The relationship between the N’Kuru and the Kyoga remained the same as it had been before the pale-skinned Arabs and the white-skinned Europeans began to interfere but then, as the twentieth century began to loom, it worsened. And the reason was rubber.
In spite of the persistence of the English slave traders over the years, Mau never fell into the British sphere of influence. Instead it became an outcrop of those territories owned absolutely by the Emperor Leopold. He offered great tracts of the verdant country to his hangers-on at court, but none had the wish or the will to be farmers, even by proxy. One or two settlers arrived in long wagons pulled by oxen modelled on the successful design favoured by the Dutch further south. The N’Kuru wisely slaughtered them and blamed it on the Kyoga. And then, as it had been in the forests around the Congo, rubber was discovered in the jungle atop the escarpment where the Kyoga continued to live. Leopold’s men were quick to understand the contempt with which the N’Kuru viewed their smaller, darker neighbours, and so the rubber growers gave the tall ex-farmers guns, whips and, most importantly, heavy, sharp pangas, and they made them overseers.

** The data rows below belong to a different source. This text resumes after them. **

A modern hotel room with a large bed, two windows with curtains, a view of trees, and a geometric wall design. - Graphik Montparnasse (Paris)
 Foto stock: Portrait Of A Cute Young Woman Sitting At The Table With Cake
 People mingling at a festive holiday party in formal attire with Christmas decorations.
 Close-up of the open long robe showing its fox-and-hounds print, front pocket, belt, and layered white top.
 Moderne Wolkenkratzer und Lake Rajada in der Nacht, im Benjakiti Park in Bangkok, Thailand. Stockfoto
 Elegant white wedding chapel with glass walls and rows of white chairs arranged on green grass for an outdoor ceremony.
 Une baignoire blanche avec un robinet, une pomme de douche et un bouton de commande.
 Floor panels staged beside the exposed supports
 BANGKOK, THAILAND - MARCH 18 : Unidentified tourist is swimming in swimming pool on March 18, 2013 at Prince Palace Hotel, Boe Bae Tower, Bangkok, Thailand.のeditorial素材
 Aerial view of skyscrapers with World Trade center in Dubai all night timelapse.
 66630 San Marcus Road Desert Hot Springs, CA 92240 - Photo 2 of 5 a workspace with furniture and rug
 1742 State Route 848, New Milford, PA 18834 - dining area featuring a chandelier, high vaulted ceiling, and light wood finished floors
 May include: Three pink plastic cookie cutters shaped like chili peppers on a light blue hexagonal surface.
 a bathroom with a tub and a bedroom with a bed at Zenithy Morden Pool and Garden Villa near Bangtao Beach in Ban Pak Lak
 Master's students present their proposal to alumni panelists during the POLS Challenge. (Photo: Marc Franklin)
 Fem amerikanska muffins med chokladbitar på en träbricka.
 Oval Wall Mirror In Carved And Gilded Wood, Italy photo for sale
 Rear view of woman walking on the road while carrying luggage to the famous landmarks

This was the darkest hour in all the history of the Kyoga. Their jungle villages were overrun and their people placed in a new and savage bondage. Quotas were dictated in far Brussels by businessmen with no knowledge or understanding of how impossible it would be to fulfil them. Made arrogant by distance and ignorance, they demanded that their local representatives force their workers to greater efforts. The local men, deaf to the protests of the last, sickly missionaries, began to threaten the N’Kuru: if the local tribes were not up to the job, they would import outsiders who were — they had no end of experienced overseers on the black banks of the Congo. The N’Kuru and the Kyoga could work side by side in the jungle. Such threats spurred the N’Kuru to frenzies of cruelty — cruelty imported, like slavery, by the pale skins. For every man, woman and child of the Kyoga nation, a quota was set. At the end of each quota period, the white latex each had collected was weighed and measured. The first failure to meet the quota cost a finger. The second cost a hand. The third a foot. The fourth an eye. The fifth — and there were blessedly few — a testicle or a breast. The missionaries tried to help by searing closed the wounds and bringing the sufferers back to working fitness as quickly as they could. By the time a couple of million men were being slaughtered on the fields of Flanders, a similar number were being disfigured and destroyed in the anonymous western African jungles to supply the white-skin armies with the ton upon ton of rubber they needed to keep the killing going: men and women and children; arms and legs and eyes.